A veces pienso la Memoria como una enredadera que crece y se extiende sobre otras superficies: árboles, paredes, alambrados. De un brazo sale otro y de ése otro más, los rizomas se extienden como dedos, se aferran como colas de mono a la rama. Su raíz ya no se ve, la prueba de su potencia está en el vigor de sus tallos, el volumen de los nudos, la corola de las flores. Hay enredaderas, en Buenos Aires está lleno, que en esta época se tiñen de rojo, un rojo intenso como la marca en el calendario del 24 de marzo. Un rojo dolido por el fin del verano, por el señalamiento perenne –no importa cuántos años pasen- del comienzo de la temporada de sangre.
Es una imagen que no dialoga con la rabia fresca que siento cada 24, pero es la imagen que me sostiene.
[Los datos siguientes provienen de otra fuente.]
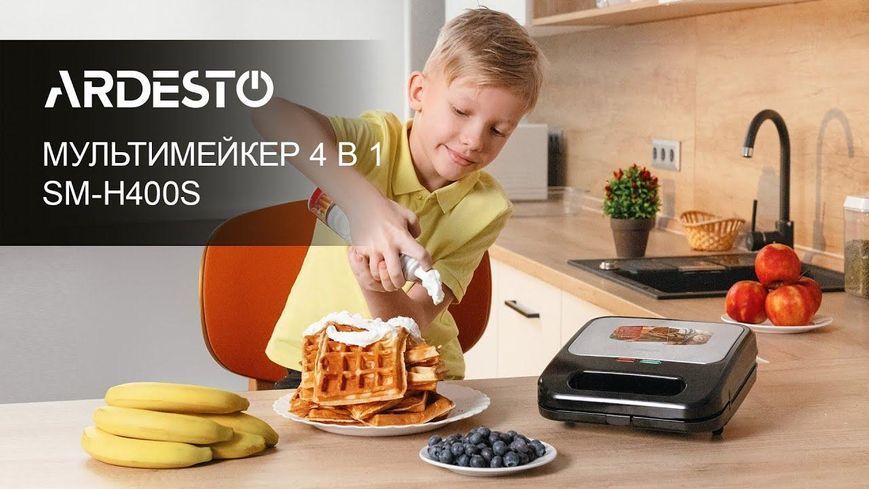 Тостер ARDESTO SM-H400S RC_SM-H400S фото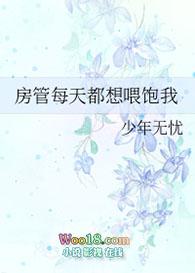 房管每天都想喂饱我 房管每天都想喂饱我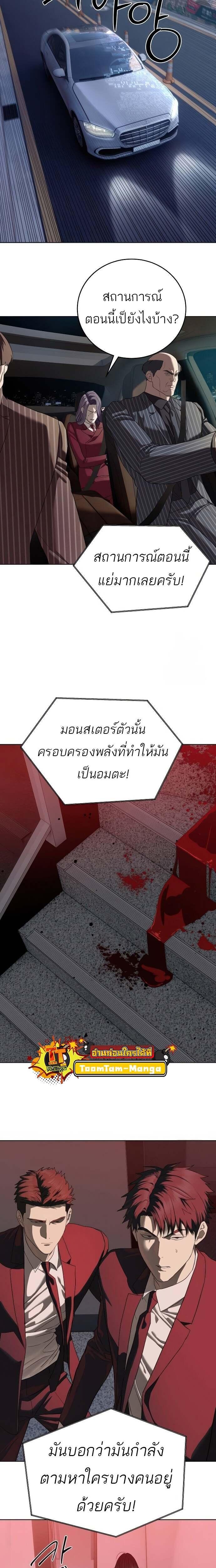 Special Civil Servant ตอนที่ 41 22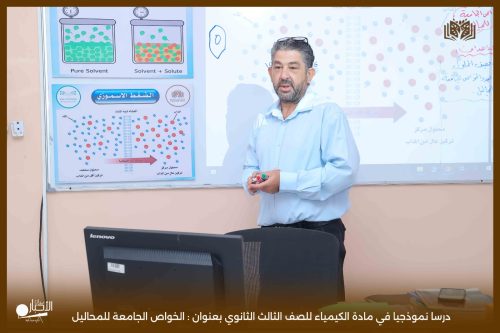 بالفيديو والصور.. نموذجية في «مهارات حرف الدال» لطلاب الصف الأول بمدارس الوعد النموذجية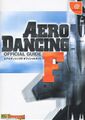 AeroDancingFOfficialGuide Book JP.jpg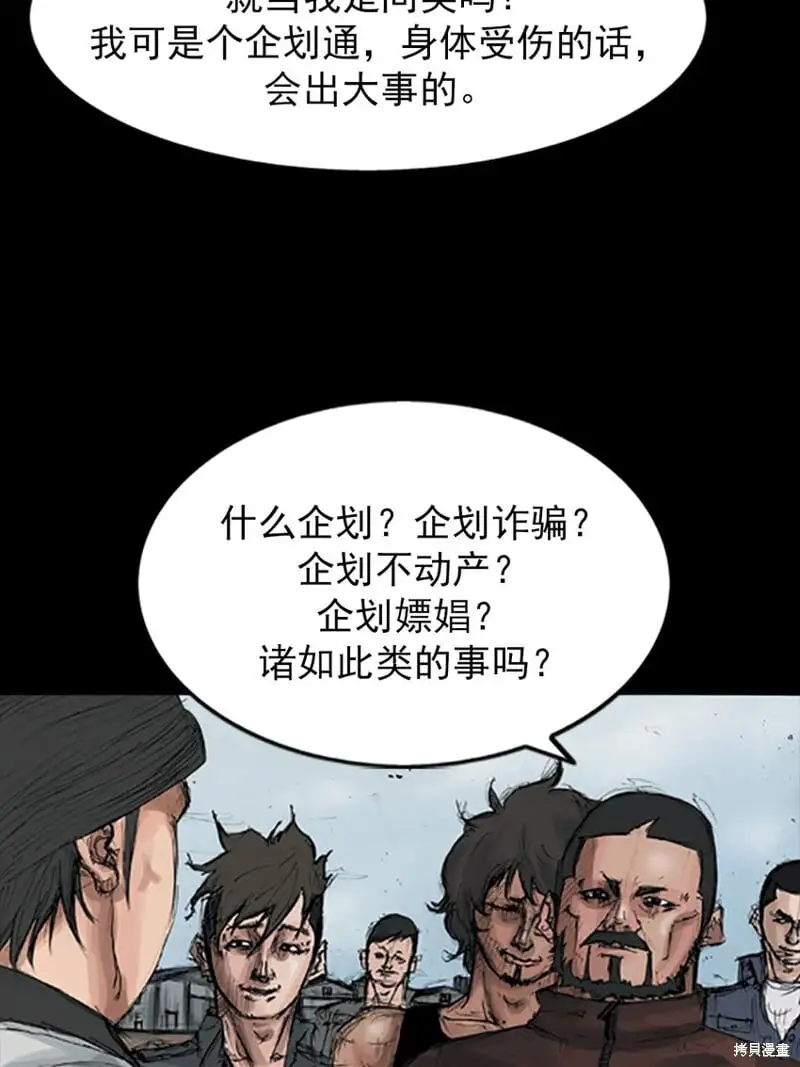 胜券在握歌曲漫画,第148话上2图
Soy una hoja más en el muro, con mi testimonio siempre en rojo, con el agua de las voces que lo completaron corriendo dentro de los tallos que hacen cobijo también a las telas de araña, los bichos palo, las hormigas que laceran y abren espacio para hojas nuevas. Una enredadera como un coro indignado que se orquesta según su propio bramido, que no se calla. Crece y crece. Las extremidades más atrevidas se montan sobre el propio follaje y cruzan vacíos en busca de otro muro. Y otro más. La Memoria es movimiento y actualización, un organismo vivo que se alimenta de este sol 45 años más viejo, 45 años activo, 45 años empujando el alimento que transforma las mismas voces en otras voces, las hojas caídas en humus, los insectos en aliados de la descomposición y el nuevo magma que funde años en tiempo, tiempo en el que conviven como en el propio cuerpo los años de la infancia, de la juventud, de la madurez. Un tiempo en el que conviven la desaparición forzada de los y las militantes de los 70 con la muerte en una comisaría de San Luis de Florencia Morales después de ser detenida con un paquete de comida en la mano por violar la cuarentena el 5 de abril de 2020. O con los restos todavía sin relato de Facundo Astudillo Castro, también desaparecido durante meses en la cuarentena.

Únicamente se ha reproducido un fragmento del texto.